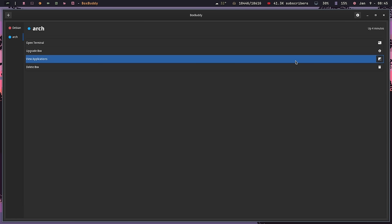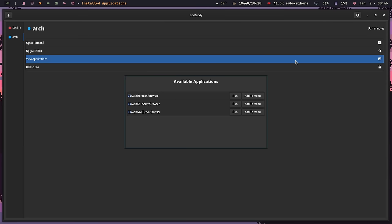My second favorite feature: if I install something in one of my DistroBoxes, I can open the 'View Applications' portion of BoxBuddy and add it to the host menu right from there. I don't have to remember the 'distrobox-export --app' flag anymore — I just come here and add it to the menu. That's awesome, especially if you have a DistroBox with a ton of applications installed. I would like to be able to remove it from the menu from here as well, but apparently you can't do that yet.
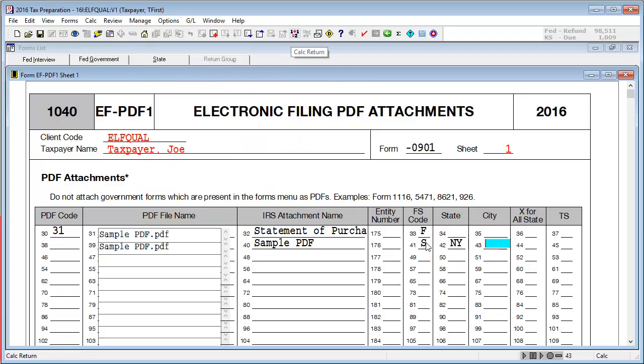For this attachment, I coded it to New York only. Next, calculate the return.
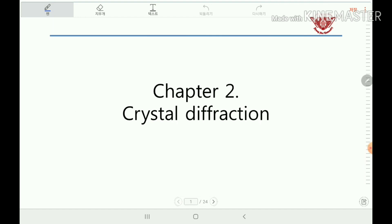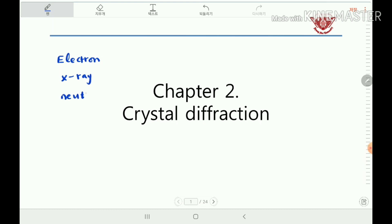In diffraction, there are several types: one is electron diffraction, another is x-ray diffraction, and another is neutron diffraction, among several others. From this kind of electron, x-ray, and neutron diffraction, we can identify the crystal structure. But why x-ray, neutron, and electron?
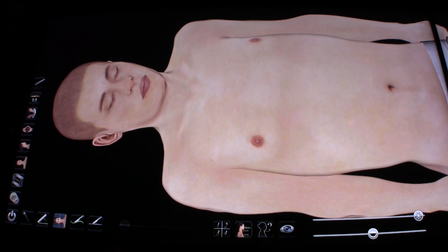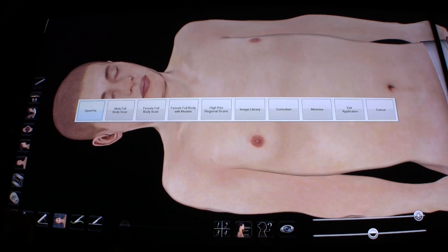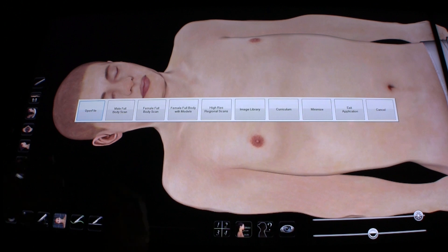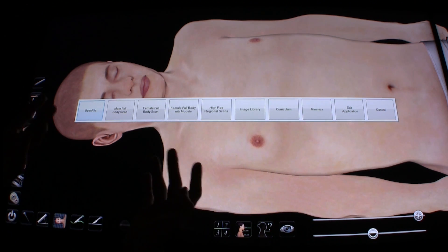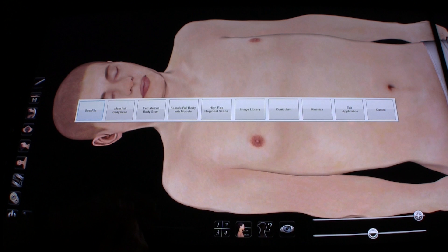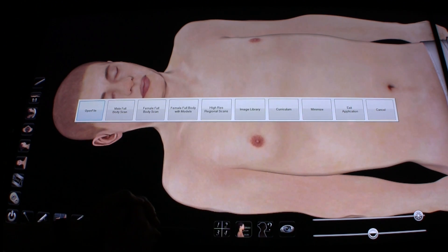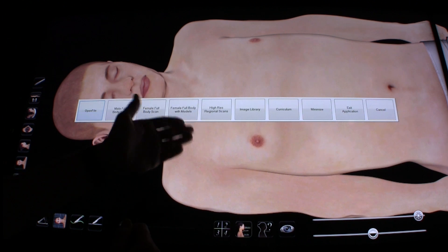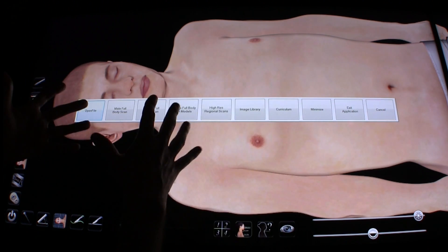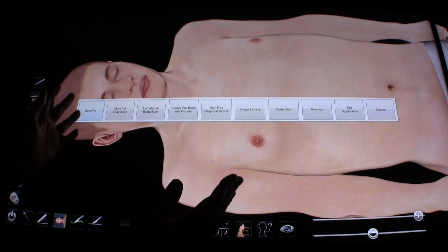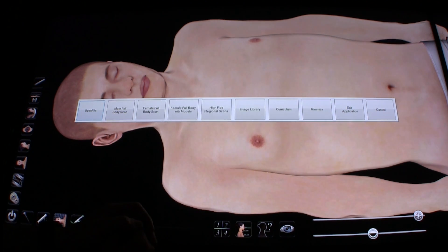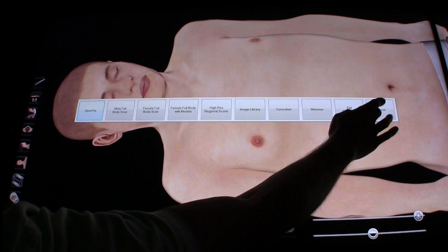Last but not least, I'll show you the file menu. It's in the bottom left-hand corner and looks like a power button. This allows you to load various other models. The open file button allows you to open your own images or scans from a flash drive, such as in DICOM file format. You've got the male full body scan which we have loaded, and there's a female version available as well, including a more computer-generated model. There are also higher resolution regional scans — for example, if you're only interested in the head and neck, you can load just that at higher quality. There's an image library with hundreds of cases available, from diseases to surgeries to animals. There are also some curriculum examples available, and you can minimize or exit the application or click cancel to go back.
· · · · · · ·
Instructions for the task: Return the listing above in full and unaltered. Keep the pictures out.

Exercise solution:
My second favorite feature: if I install something in one of my DistroBoxes, I can open the 'View Applications' portion of BoxBuddy and add it to the host menu right from there. I don't have to remember the 'distrobox-export --app' flag anymore — I just come here and add it to the menu. That's awesome, especially if you have a DistroBox with a ton of applications installed. I would like to be able to remove it from the menu from here as well, but apparently you can't do that yet.
For this attachment, I coded it to New York only. Next, calculate the return.
In diffraction, there are several types: one is electron diffraction, another is x-ray diffraction, and another is neutron diffraction, among several others. From this kind of electron, x-ray, and neutron diffraction, we can identify the crystal structure. But why x-ray, neutron, and electron?
Last but not least, I'll show you the file menu. It's in the bottom left-hand corner and looks like a power button. This allows you to load various other models. The open file button allows you to open your own images or scans from a flash drive, such as in DICOM file format. You've got the male full body scan which we have loaded, and there's a female version available as well, including a more computer-generated model. There are also higher resolution regional scans — for example, if you're only interested in the head and neck, you can load just that at higher quality. There's an image library with hundreds of cases available, from diseases to surgeries to animals. There are also some curriculum examples available, and you can minimize or exit the application or click cancel to go back.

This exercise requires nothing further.